Aims: Acute myeloid leukemia (AML) represents 80% of the cases of acute leukemia in adults, and obesity has been found to be associated with an increased risk of developing AML. However, there is no data regarding the presenting clinical, cytogenetic, and molecular features of AML in obese patients.
Methods: We retrospectively evaluated adult patients with newly diagnosed AML treated at our institution from January 2017 to January 2021. Patients with acute promyelocytic leukemia (APL), as well as those with secondary and therapy-related AML, were excluded. Patients with an available genetic profile obtained from next-generation sequencing (NGS) were included. Demographic, clinical, laboratory, and pathologic data were obtained from clinical records. Obesity was defined as a BMI > 30. A 97-gene panel was used for NGS analysis. Cytogenetic and molecular data, along with responses to treatments, were classified according to the European LeukemiaNet2022 (ELN) guidelines. Statistical analysis included the Mann-Whitney test for continuous variables, Fisher's exact test for categorical variables, and Kaplan-Meier survival curves for overall survival and relapse-free survival.
Results: We identified 185 newly diagnosed de novo AML cases for analysis, of which 90 (49%) were classified as obese (Table). The median age at diagnosis was 60 (range, 20-91), and 84 (46%) were male. The most commonly mutated gene was DNMT3A (n=42, 23%), followed by IDH2 (n=36, 19%), and FLT3-ITD (n=33, 18%). Approximately 47% (n=79) of patients had adverse risk based on ELN2022 risk classification by genetics, and 40% (n=23) had adverse cytogenetic risk. The majority of patients were treated with intermediate or high-dose cytarabine-based regimens (n=128, 73%), and the rest with HMA plus venetoclax (n=29, 16%) and HMA alone (n=19, 11%). The median follow-up was 22 months (range, 1-71 months), and the estimated median overall survival (OS) was 21 months for the entire patient population. Within the follow-up, approximately half of the patients (n=90, 47%) died.
Compared to non-obese patients, obese patients were younger at presentation (55 vs. 63, p=0.04) and consisted of more females (n=48 (55%) vs. n=36 (38%), p=0.02).

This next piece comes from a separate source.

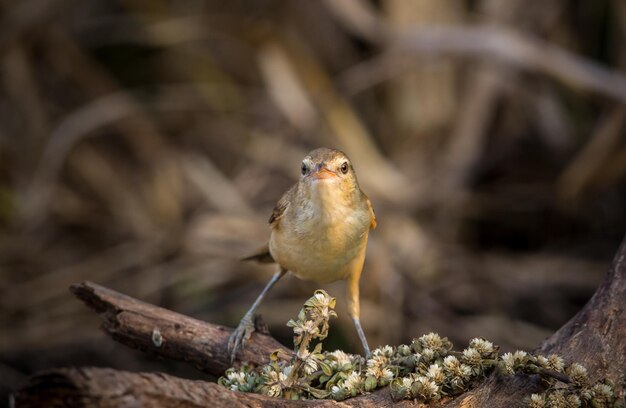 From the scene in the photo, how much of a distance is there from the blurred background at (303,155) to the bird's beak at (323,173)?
2974mm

Obese patients had a significantly lower number of mutations (p=0.01), particularly in spliceosome (n=12 (13%) vs. n=29 (31%), p=0.007) and transcription factor genes (n=17 (19%) vs. n=31 (33%), p=0.04). Obese patients were noted to have more NPM1 mutations (n=21 (23) vs. n=11 (11%), p=0.05) (Figure). According to ELN2022, obese patients were classified more favorably than non-obese patients (p=0.002).
Patients were treated with similar regimens across the study populations, and obese patients' estimated OS was significantly longer than that of non-obese patients (44 vs. 13 months, p=0.02). The median follow-up was comparable in obese vs. non-obese patients, and within the follow-up, fewer obese patients died (n=36 (40%) vs. n=54 (57%), p=0.02).
Conclusions: AML in obese patients appears to have distinct clinical and genetic characteristics compared to non-obese patients. This suggests that different underlying mechanisms may contribute to leukemogenesis in these two patient groups. Future studies should focus on elucidating the specific molecular pathways and mechanisms through which obesity influences AML development, which could pave the way for novel treatment approaches tailored to obese patients.
Disclosures
Monohan:Johnson and Johnson: Current equity holder in publicly-traded company; Pfizer: Current equity holder in publicly-traded company; Novartis: Current equity holder in publicly-traded company; Dupont: Current equity holder in publicly-traded company; Quest Diagnostics: Current equity holder in publicly-traded company. Yalniz:Legend biotech: Ended employment in the past 24 months.